A partir des années 1970-1980, la lumière perdue par les éclairages commence à être qualifiée de « pollution lumineuse » ; elle inonde les villes et de plus en plus la campagne. L’imagerie satellitaire commence à permettre de quantifier et cartographier d’une manière objective la pollution lumineuse.

Cette carte montre l'étendue du phénomène de pollution lumineuse dans la plupart des pays d'Europe de l'Ouest, c'est-à-dire dans la partie la plus densément peuplée du continent. La pollution lumineuse est moins intense dans les zones peu peuplées (nord de la Suède et de la Norvège) mais aussi dans les pays situés à l'Est (Roumanie, Bulgarie, Ukraine) et au Sud (Maroc, Algérie, Tunisie). La carte de la pollution lumineuse en Europe reflète assez précisément la carte des densités de population. Les zones de forte pollution lumineuse (en rouge ou orange) correspondent aux plus grandes agglomérations, aux zones densément peuplées (Pays-Bas, Allemagne, GB) et aux grands axes urbanisés (côte méditerranéenne, axe rhénan).

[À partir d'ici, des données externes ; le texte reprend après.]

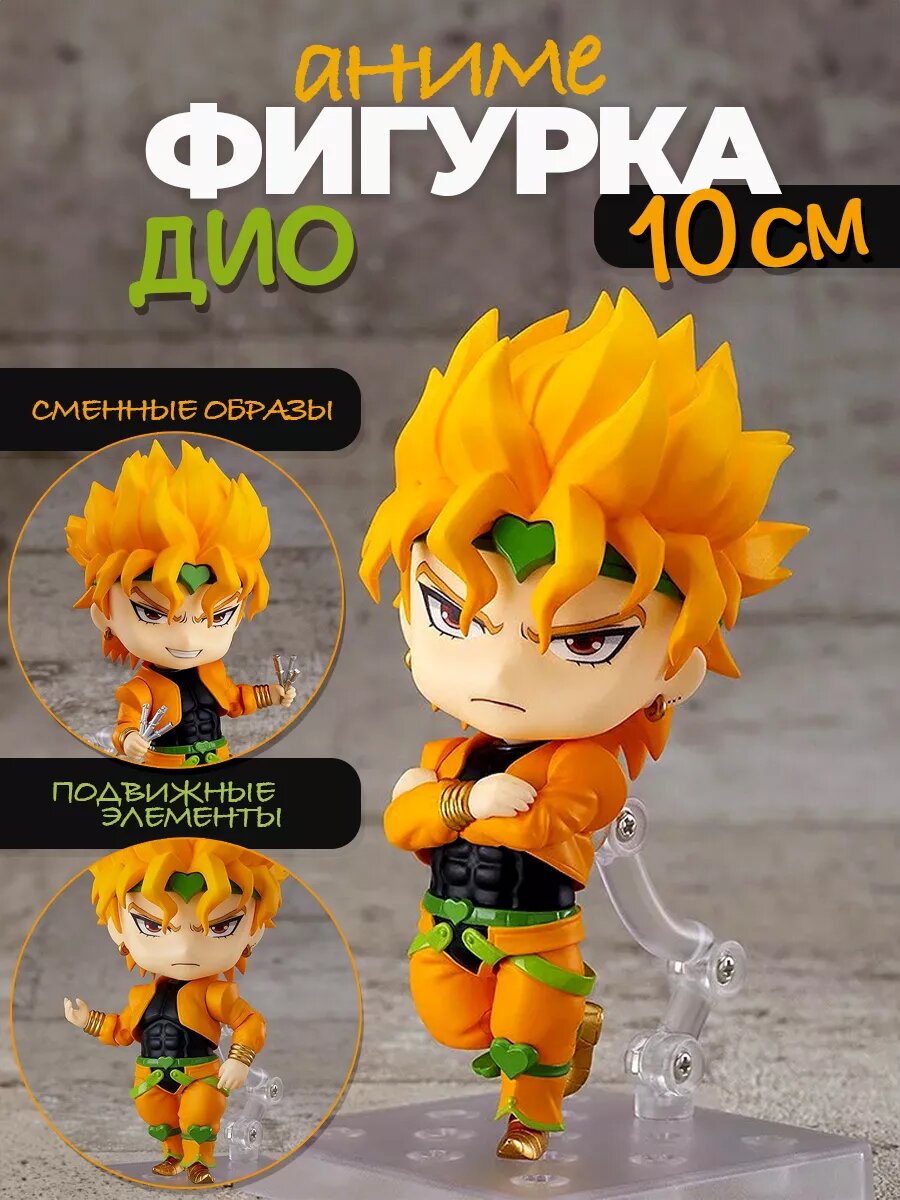 Джоджо аниме...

Si l'augmentation des éclairages nocturnes a un coût énergétique certain, elle a également un impact sur les populations animales, végétales et humaines, avec des effets sur le dérèglement nerveux et hormonal.

L'éclairage public nocturne ("suréclairage" constaté dans de nombreux cas) peut être effectivement source de pollution lumineuse avec des impacts négatifs sur la faune et la flore : la végétation éclairée en permanence dégénère de façon précoce ; les oiseaux migrateurs sont gênés et désorientés ; les populations d'insectes nocturnes et pollinisateurs sont décimées (seconde cause de mortalité après les produits phytosanitaires). Les lumières nocturnes peuvent aussi altérer les interactions naturelles entre espèces comme la compétition ou la prédation.

 

Par ailleurs, plus de 35% de l'énergie lumineuse émise sur la Terre éclaire les nuages et illumine le ciel en altitude. Par extension, l'expression « pollution lumineuse » est aussi utilisée pour désigner le halo lumineux urbain qui en est un indice. Ce halo est produit par la lumière dispersée ou réfléchie par les molécules de certains gaz et les particules en suspension dans l'atmosphère terrestre. Ainsi se forme un halo lumineux diffus qui, en augmentant la luminance générale du ciel, masque la vision de la voûte céleste et donne une couleur orangée à brunâtre au ciel nocturne.

 

Ce halo diffus visible à des dizaines de kilomètres est un indice de pollution lumineuse à grande échelle. Il est exacerbé dans les cas suivants :

  • quand la basse atmosphère est humide (brume, bruine) ;
  • quand la basse atmosphère est polluée par des particules (micro-gouttelettes d'eau provenant de cheminées ou d'évaporateurs et autres tours de refroidissement, particules émises avec les gaz d'échappement, poussières, fumées et autres suies et particules fines..) ;
  • quand la lumière est émise de manière peu directionnelle (par exemple par un lampadaire-boule), ou volontairement dirigée vers le ciel ;
  • quand la lumière est réverbérée par une surface réfléchissante (neige, glace, eau, miroir ou surfaces claires). 

 

 

Ce halo lumineux, en particulier, gène les astronomes qui ont besoin d’un ciel pur et d’une bonne obscurité pour observer les astres. Ils doivent s’éloigner de plus en plus des villes et des zones éclairées pour pouvoir correctement observer le ciel. De nombreux observatoires astronomiques d’universités situés en ville ou dans leurs banlieues ont du être abandonnés en Europe, dont l’observatoire royal de Greenwich.